Ali Mourtada

No. 42
- Position: Placekicker

Personal information
- Born: August 19, 1990 (age 35) Sierra Leone
- Listed height: 5 ft 8 in (1.73 m)
- Listed weight: 158 lb (72 kg)

Career information
- High school: Foxborough High
- College: Pace

Career history
- 2015: Wichita Falls Nighthawks
- 2015: Las Vegas Outlaws
- 2018: Massachusetts Pirates
- 2021: Massachusetts Pirates
- 2021–2022: Winnipeg Blue Bombers
- Stats at CFL.ca

= Ali Mourtada =

Sierra Leonean gridiron football player (born 1990)

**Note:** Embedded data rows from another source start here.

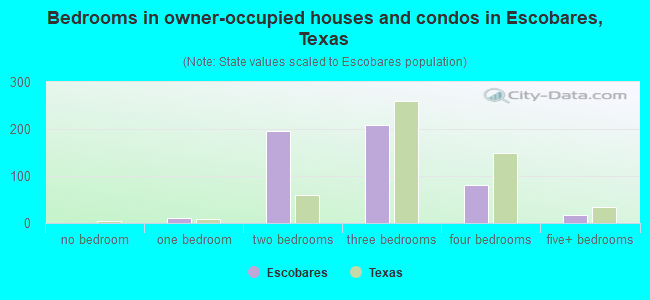 Bedrooms in owner-occupied houses and condos in Escobares, Texas
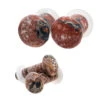 Stone Plugs - Leopardskin Jasper -Starfire – Body Jewelry 40127 OracleBodyJewelryStonePlugsAsstGroupLeopardskinJasper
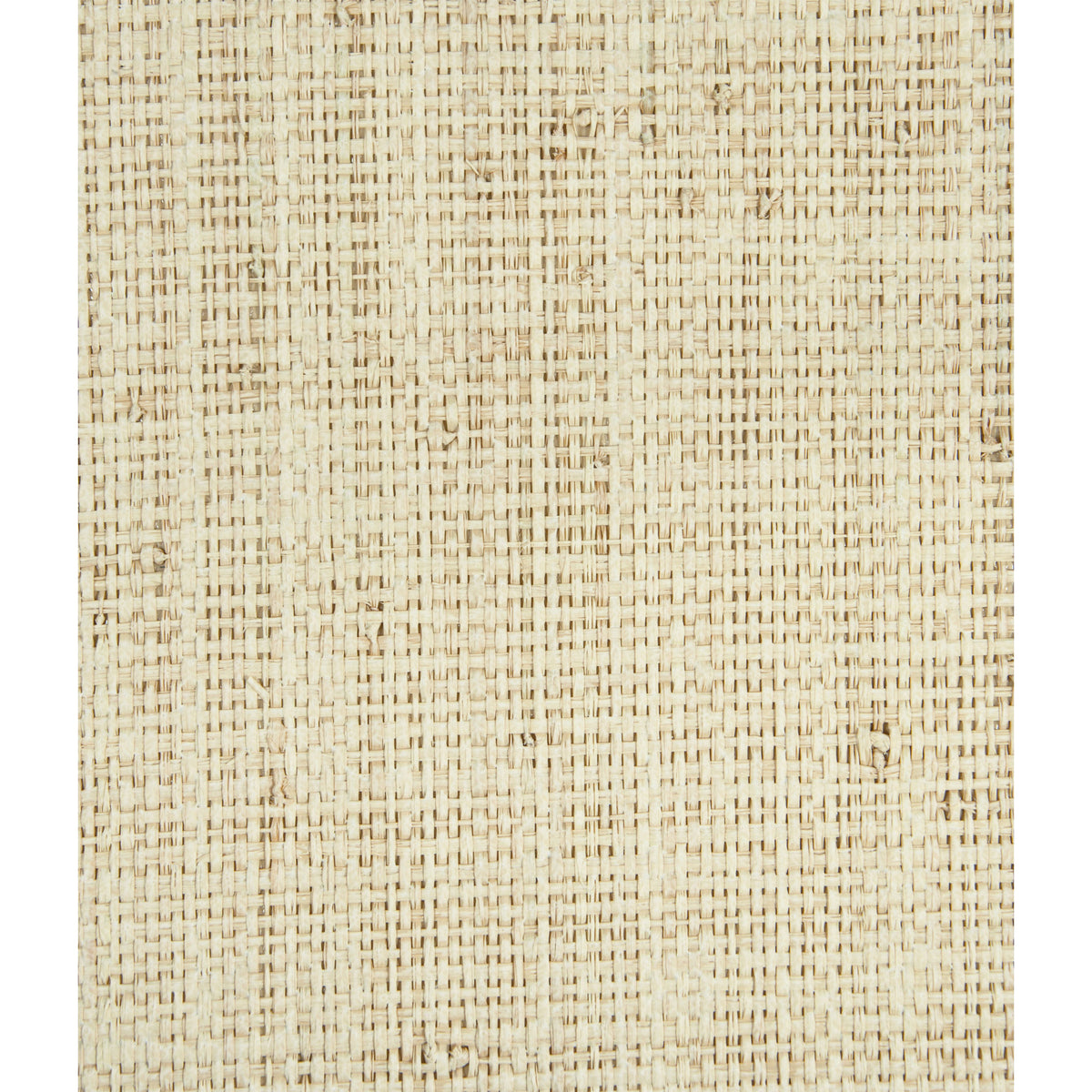 Heavy Raffia - Whitewash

Ali Mourtada (born August 19, 1990) is a Sierra Leonean-American former professional football placekicker.

==Early life==
Mourtada was born in Sierra Leone, and moved to Foxboro, Massachusetts when he was four years old.

==College career==
Mourtada played college football for the Pace Setters from 2008 to 2011 where he played in 31 games and was successful on 14 of 27 field goal attempts. He was also the team's punter in all four years and had 66 punts for a 37.8-yard average in his senior year. He also played for the Assumption Greyhounds in 2013 while he was working on a master's degree in rehabilitation counseling.

==Professional career==
Mourtada played in four games for the Wichita Falls Nighthawks in 2015. He then signed with the Las Vegas Outlaws in the team's only season of operation in 2015 and played in one game for the team before moving back to Foxborough in August of that year. He worked out for the Cleveland Browns in 2017, but was not offered a contract by the team. He later signed with the expansion Massachusetts Pirates on February 21, 2018, and was the team's primary kicker that year. He did not play in 2019 or 2020, but returned to play for the Pirates in 2021 following an injury to their kicker.

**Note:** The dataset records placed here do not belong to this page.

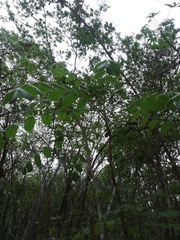 Comocladia macrophylla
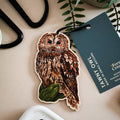 Tawny Owl Wooden Decoration - Sprouts of Bristol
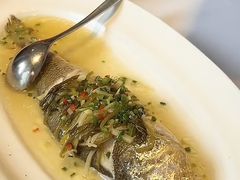 -老洋房花园饭店(绍兴路店)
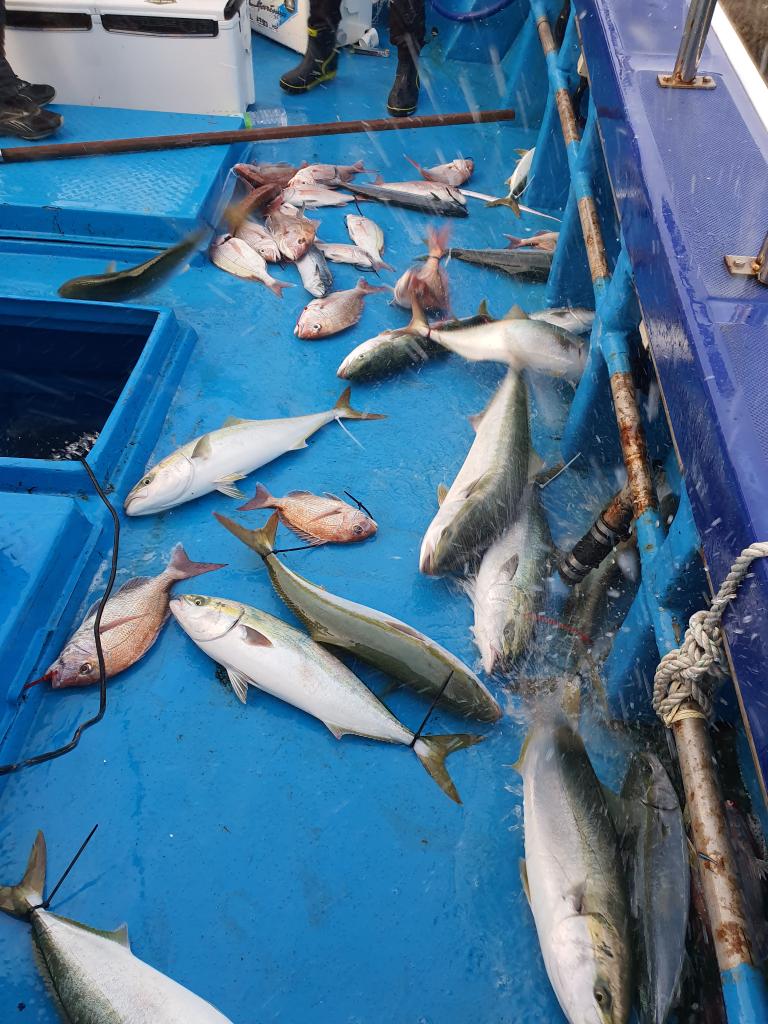 낚시뚜,,서망항,뻥쟁이호,낚시뚜5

On August 30, 2021, it was announced that Mourtada had signed with the Winnipeg Blue Bombers following an injury to the team's incumbent placekicker, Tyler Crapigna. Following mixed results from the team's replacement kicker, Marc Liegghio, Mourtada was activated for the September 18, 2021 game against the Edmonton Elks. While he was successful on all four of his convert attempts, he missed all three of his field goal tries, missing from 28 yards, 51 yards, and 44 yards. He made his first field goal in the following game against the BC Lions on October 1, 2021. On November 21, 2022, Mourtada became a free agent.

==Personal life==
Mourtada was born in Sierra Leone and moved to Foxborough, Massachusetts with his parents, Ahmed and Samira Mourtada, when he was four years old. He has three siblings, including older sisters Farah and Natalie and younger brother Bilal.